» **Work to be completed**: Note on the material below: return exactly the lines from the line that holds "优瘦身远红外加热震动带开关拼接带加长带大胖子用控制器配件西米" through the line that holds "江苏省大丰市中考化学第二次模拟考试试卷_第1页", and leave out each picture.

» **Material to process**:

++++++++++

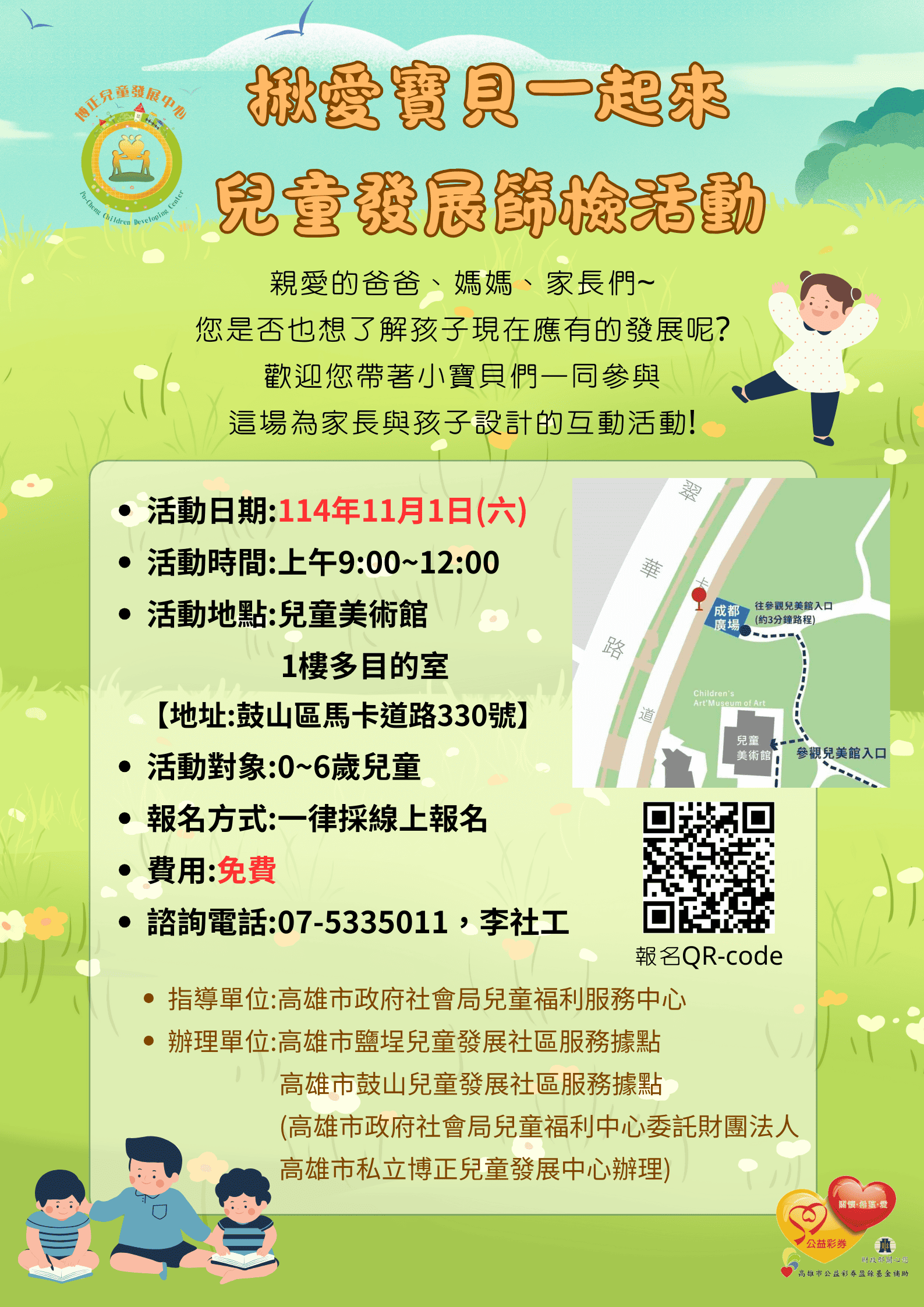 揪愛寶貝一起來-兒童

++++++++++

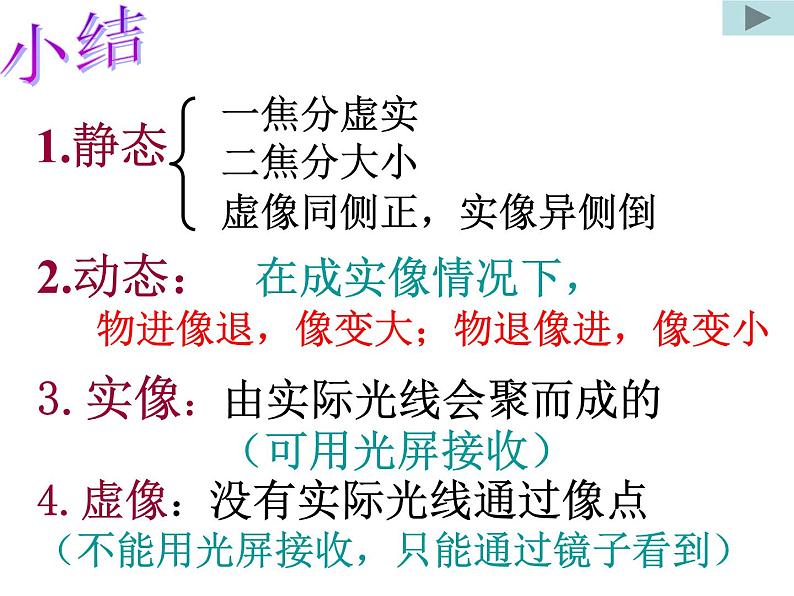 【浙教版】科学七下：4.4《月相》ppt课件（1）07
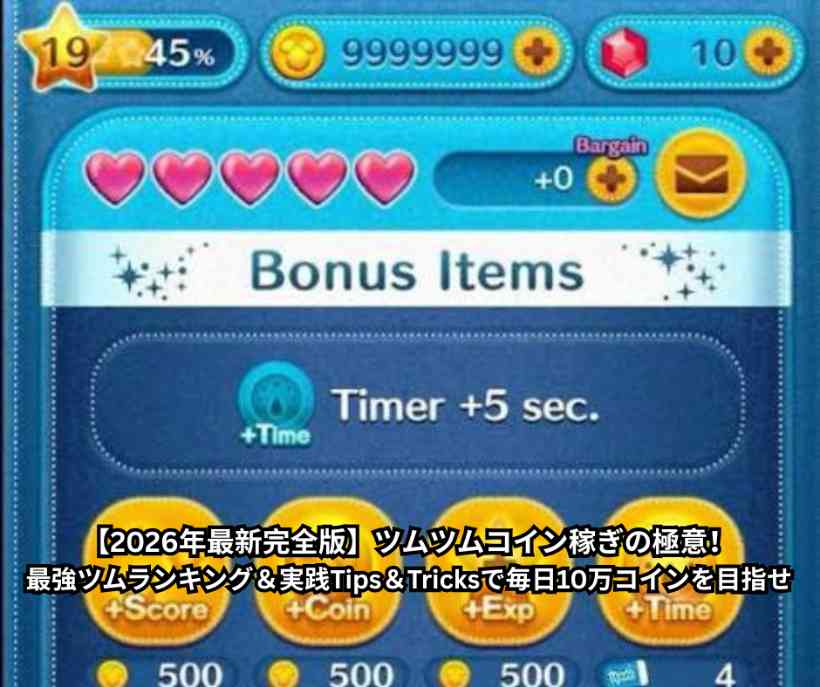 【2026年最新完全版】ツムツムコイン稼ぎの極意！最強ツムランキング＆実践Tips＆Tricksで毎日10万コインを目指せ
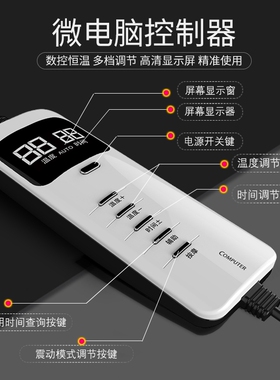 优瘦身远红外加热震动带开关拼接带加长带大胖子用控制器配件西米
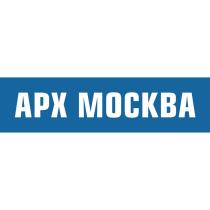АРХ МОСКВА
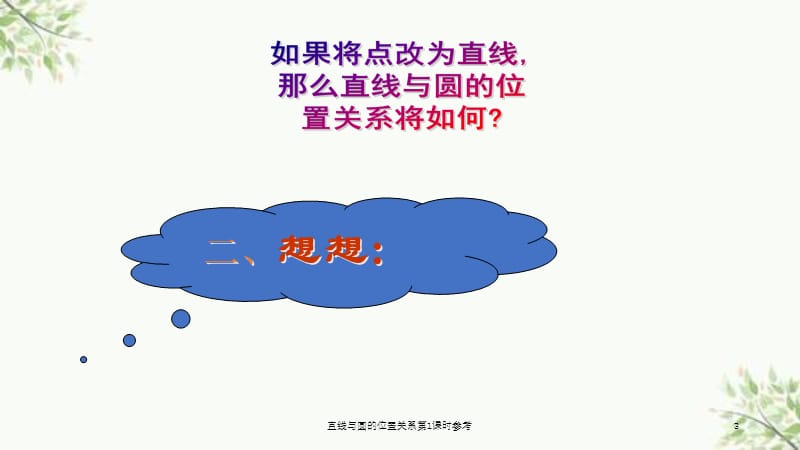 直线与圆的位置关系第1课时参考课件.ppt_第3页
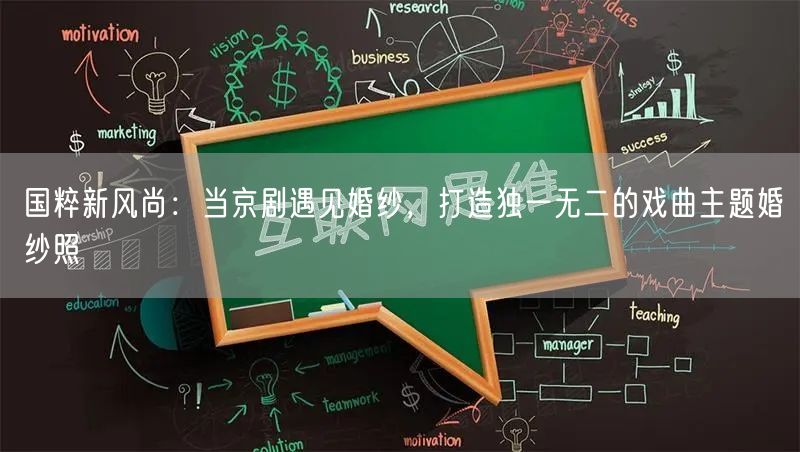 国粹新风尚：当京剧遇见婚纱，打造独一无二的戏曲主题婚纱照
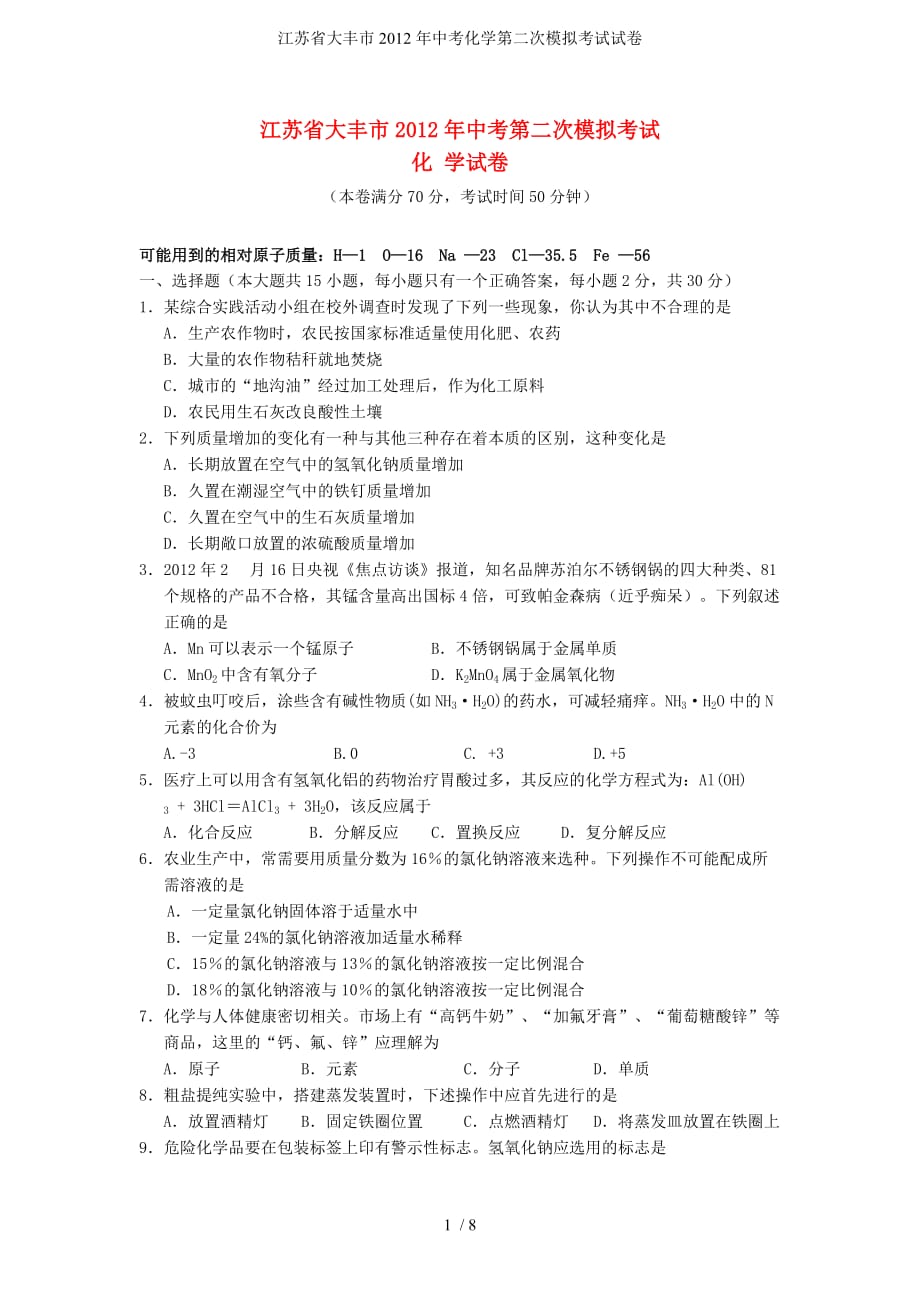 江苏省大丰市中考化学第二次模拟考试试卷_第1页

++++++++++

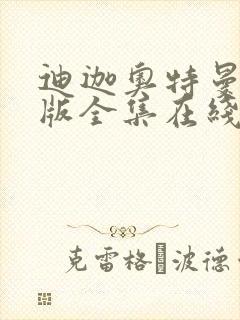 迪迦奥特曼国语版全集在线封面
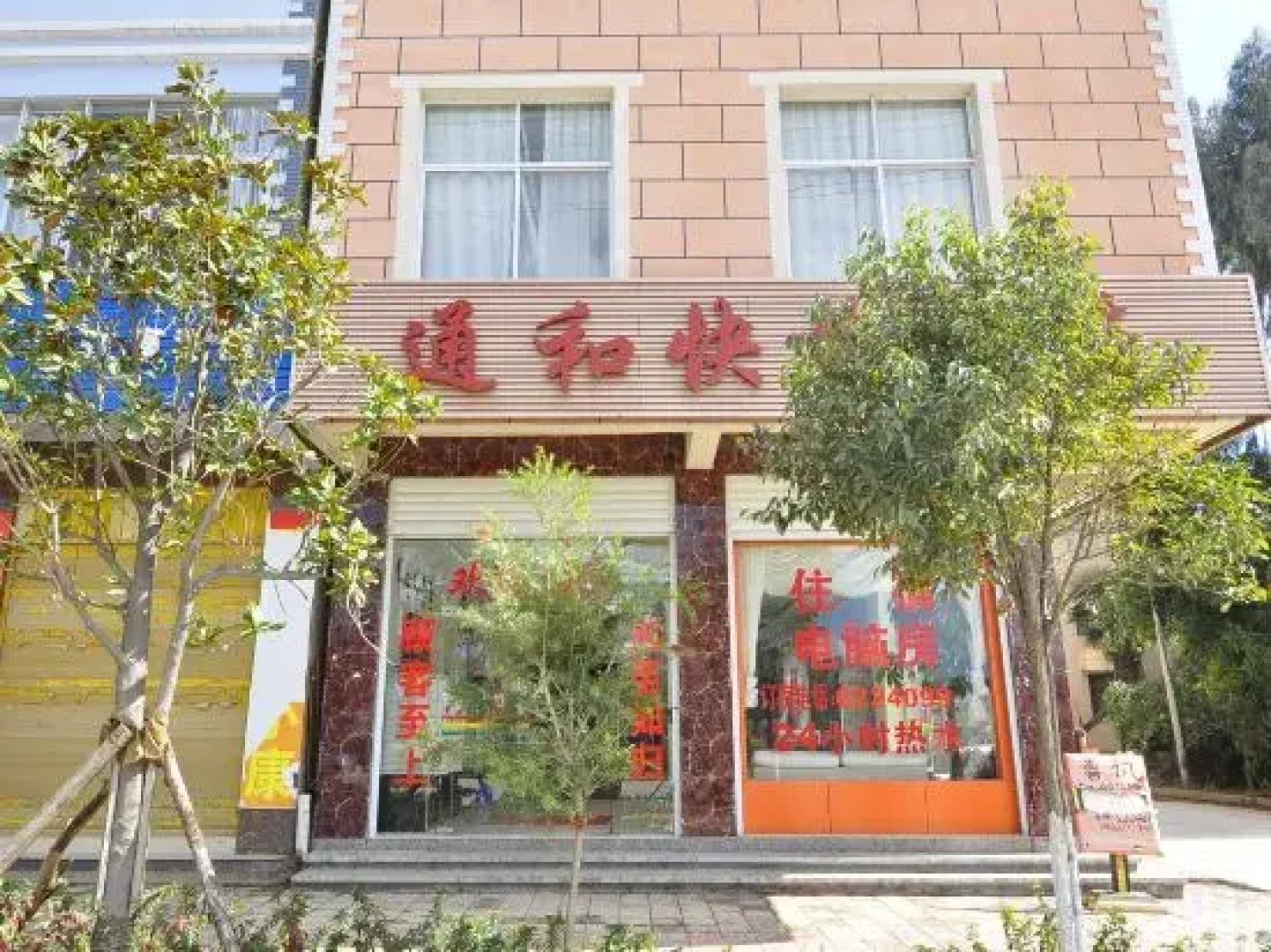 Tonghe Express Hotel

++++++++++

» **Task solution**:
 优瘦身远红外加热震动带开关拼接带加长带大胖子用控制器配件西米
АРХ МОСКВА
 直线与圆的位置关系第1课时参考课件.ppt_第3页
 国粹新风尚：当京剧遇见婚纱，打造独一无二的戏曲主题婚纱照
 江苏省大丰市中考化学第二次模拟考试试卷_第1页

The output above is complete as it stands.